Thinking and Linking by Joanne Jacobs
Atlantic lists The Top 100 — the most influential Americans in history.
James K. Polk?
If it weren’t for James K. Polk, you would be blogging from San Jose, Mexico.
Polk also brought Texas into the Union. Just imagine if the Dallas Cowboys represented the Texas Republic… He had limited goals as a president, he achieved them, and then he left office. We won’t see another one like him.
Check out Polk’s position in these presidental rankings: http://en.wikipedia.org/wiki/Historical_rankings_of_United_States_Presidents
He’s 10th or 11th in the rankings among scholars, but lower among the general public, behind more famous ones.
There’s also a great song about JKP by They Might Be Giants.

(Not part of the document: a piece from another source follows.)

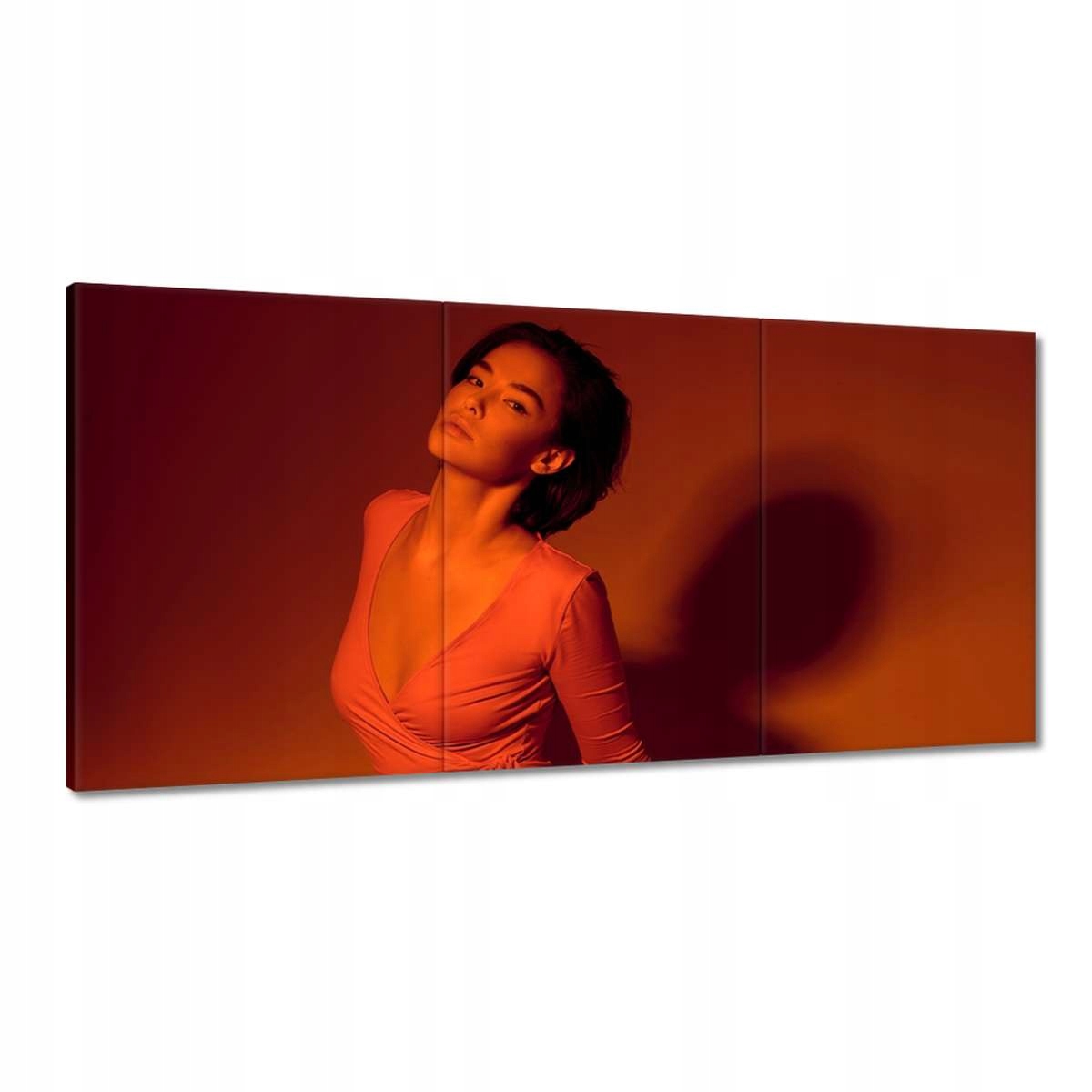 Obrazy 180x90 Laska Žena Dievča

I would put Ernest Lawrence instead of Enrico Fermi. Lawrence started the idea of big machine science, and put Northern California on the map for the location of science and technology.
I’m not certain Woodrow Wilson belongs on this list.
Wayne: Wilson belongs, although maybe not so high on it. Being “influential” doesn’t have to be a good influence – and I like the way they phrased his entry, leaving it to us to judge whether it was good or bad.
Polk certainly should be higher than #50.
I didn’t find Teddy Roosevelt on the list. Certainly he belongs there.
TR is #15.
Milton Friedman less influence than Betty Freidan? Norman Borlaug less influence than anybody?
> Wilson belongs, although maybe not so high on it.
Why? He was the first Southern president since the Second War for Southern Independence. He was president of UVA. He didn’t support England, France and Canada in the War against the Kaiser until late in the War. He was incapacitated by the end of the engagement, so the English and French were able to set the stage for WWII. The League of Nations, which he supported, ended up being of no particular value. There is a bridge on the DC beltway bearing his name.
Sorry .. Not certain I see Wilson’s value to be on this list. How about the Wright Brothers, or Seymour Cray, or George Westinghouse? William Randolph Hurst, or Horace Greeley?